By The Rev. Canon Pam Hyde
I was seven years old, living on the suburban/rural fringe east of Cleveland, on June 22, 1969, when the Cuyahoga River in downtown Cleveland caught on fire. I’m sure my parents remarked on it when the news hit the front page of the Cleveland Plain Dealer the next day, but I don’t remember that. Our six acres of forest with a creek running through it was undoubtedly beckoning to me that summer day, and I was unlikely to be able to comprehend or visualize what it meant for a river to catch on fire. Rivers don’t catch on fire, do they?
But I was one of the lucky ones. I didn’t live in the inner city of Cleveland. I didn’t experience the industrial pollution, trash, and grime that filled those communities and the river that ran through them. I didn’t see firsthand the black smoke that filled the sky above the Cuyahoga after molten sparks from a passing rail car set fire to oil- and chemical-soaked debris floating on the river. It was only later when I was older and learned about how many communities, natural places, and waters outside my own idyllic enclave had been despoiled at the hands of humankind, that my heart broke and I became determined to prevent further degradation and to restore our damaged earth.
Others were quicker to dedicate themselves to this cause. Senator Gaylord Nelson and others, who had seen 1969 bring not only the Cuyahoga River fire but a massive oil spill in Santa Barbara, California six months earlier, decided to do something about the deteriorating environment in the United States. They recruited Denis Hayes, a young activist, to organize a day of action across the country on April 22, 1970, which was called Earth Day. Twenty million people demonstrated. And change began to happen.
We’ve seen a lot of changes in the past 53 years since that first Earth Day. But the impact of humankind on the earth is no less catastrophic today. It has become clear from new scientific reports that come to our attention seemingly every day that we’re decimating wildlife species, polluting our oceans, and changing earth’s climate in ways that harm life on earth — human and non-human — now and for generations to come.
Archbishop Desmond Tutu allegedly once said, “There comes a point where we need to stop just pulling people out of the river. We need to go upstream and find out why they’re falling in.” And I believe that this applies to our dilemma concerning the state of our planet. We keep trying to fix the problems we encounter without trying to understand why they keep occurring. Why do species keep disappearing at an increasing rate when we have the Endangered Species Act? Why do we continue to see global temperatures rising when we’re taking steps to reduce our carbon footprint? Why does the production of plastics continue to increase when our landfills are full and we know that plastic can take up to 500 years to decompose?
As Christians, it’s our job to go upstream and find the root cause of our overall planetary problem. Making sure that rivers don’t catch on fire isn’t enough. We need to make deep-seated changes. We need to love the earth and all its creatures the way that God does. We need to cherish it. Respect it. Treat it as our beloved kin. As the neighbor that Jesus commands us to love.
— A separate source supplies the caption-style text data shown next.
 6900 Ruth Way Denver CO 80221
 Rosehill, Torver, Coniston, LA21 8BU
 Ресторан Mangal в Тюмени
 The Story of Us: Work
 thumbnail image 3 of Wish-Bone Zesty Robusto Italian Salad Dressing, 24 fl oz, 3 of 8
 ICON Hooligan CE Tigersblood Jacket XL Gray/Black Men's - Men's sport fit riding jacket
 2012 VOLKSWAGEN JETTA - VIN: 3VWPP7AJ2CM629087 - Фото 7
Even the neighbor that is a little hard to love, like, say, the scorpion or the rattlesnake. The earth is the Lord’s, not ours. And so there’s not one thing on this earth that we can decide is expendable if God has not.
On Earth Day this Saturday, I encourage everyone to fundamentally rethink their relationship with the Earth. To see every rock, every plant, every creature from mammal to bird to insect, as just as special to God as we are. God created every little thing for a reason, whether that reason is fully known to us or not. If for one day we can try to see the natural world around us through God’s eyes, maybe that will begin a radical shift in the way we treat the earth. Take this Saturday to focus on this task. Go outside and experience the natural world. Visit a national park for free1. Attend an Earth Day event in your community or state park2. Begin a weekly practice in your church this Sunday of praying for the earth as part of your Sunday worship3. Because it’s not enough just to stop rivers from burning. We need to see rivers — and everything else on earth — the same way God does.
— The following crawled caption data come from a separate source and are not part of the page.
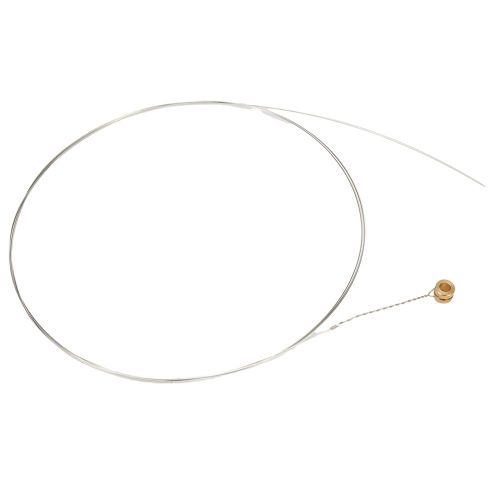 10 Pièces Électrique Je1st E-String (.009) Orphee Cordes Simples Remplacement Rx-1 Chaîne Débutants Jeparts Accessoires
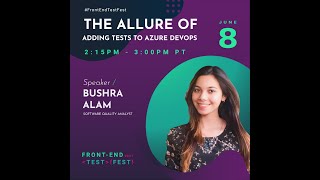 The Allure of Adding Tests to Azure DevOps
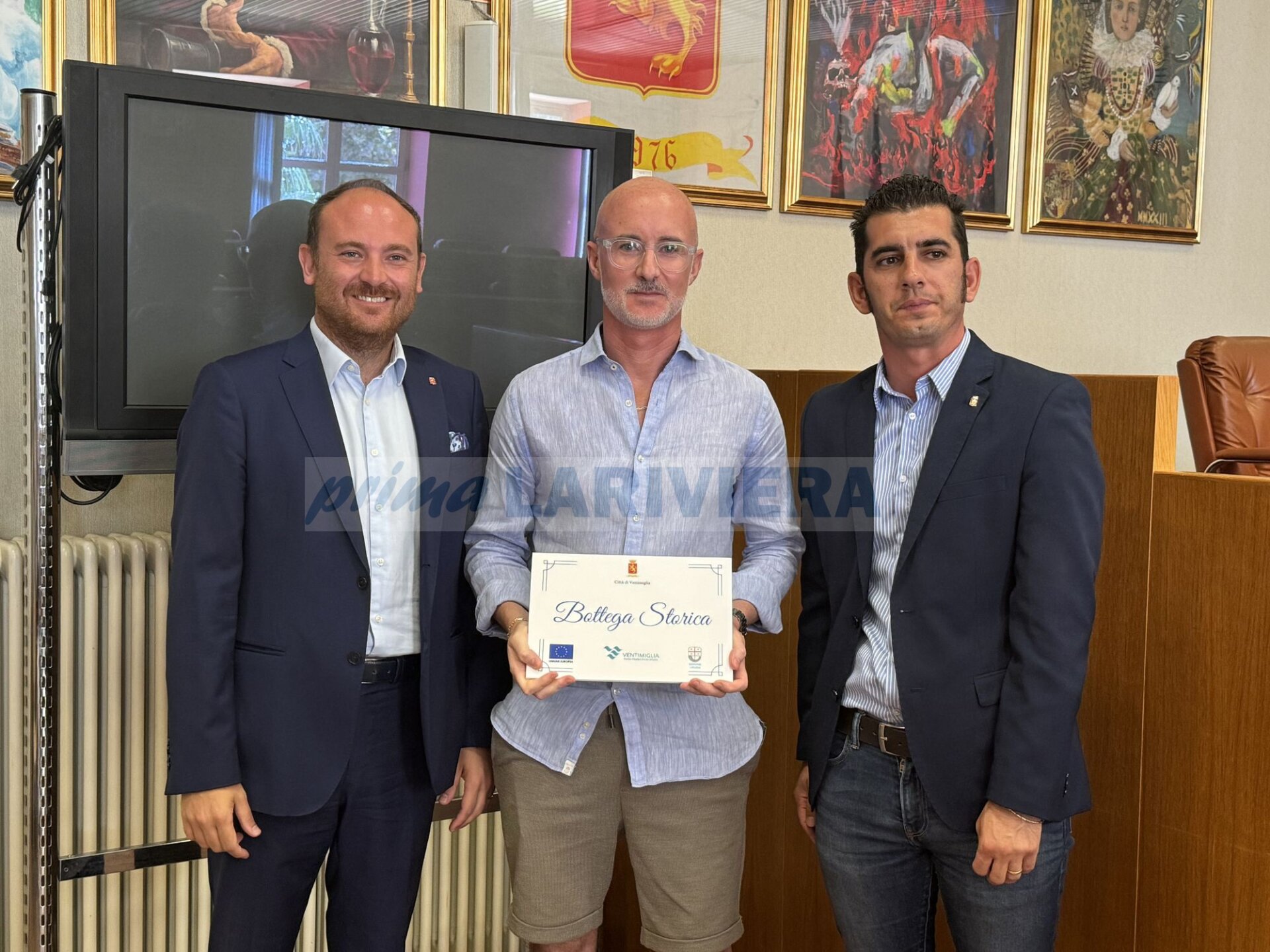 premiazione botteghe storiche ventimiglia 2 settembre 2024_03_risultato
1 For more information, see the Bishop’s E-pistle for March 29, 2023.
2 See a partial listing of Earth Day events in the Bishop’s E-pistle for April 19, 2023.
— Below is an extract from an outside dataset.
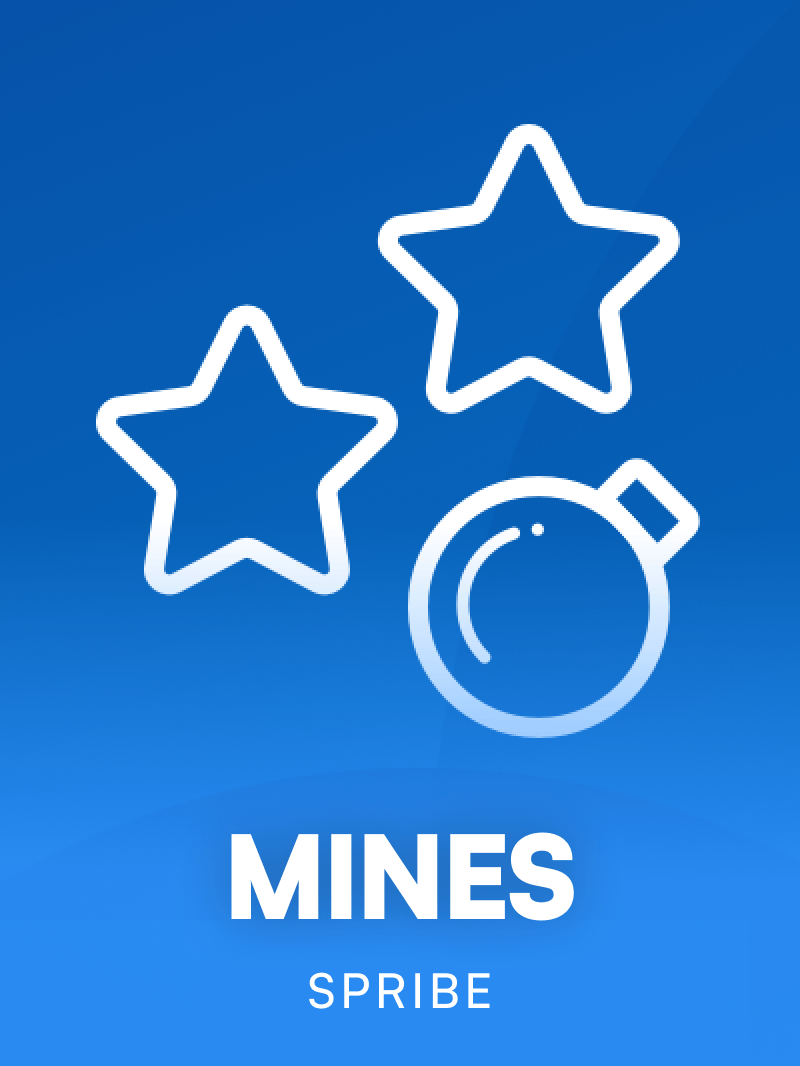 Game image for Mines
3 See Resolution 2022-1 “Prayers for God’s Creation” passed at Diocesan Convention last year (https://azdiocese.org/wp-content/uploads/2023/01/2022-01-Prayers-for-Creation.docx.pdf) and talk to your rector, vicar, or priest-in-charge about incorporating these prayers into your weekly worship.
The Rev. Canon Pam Hyde is the Canon for Creation Care for the Episcopal Diocese of Arizona.
One comment on “Learning to See the Earth Through God’s Eyes”
A really important message Rev. Hyde. Sharing your early childhood memories of the catastrophic state of nature in you home state is instructive. That was a time of awakening of how much damage we had done to our planet’s natural systems and that changes were needed. I will take your suggestions to heart and look at nature through God’s eyes. We only have this one planet!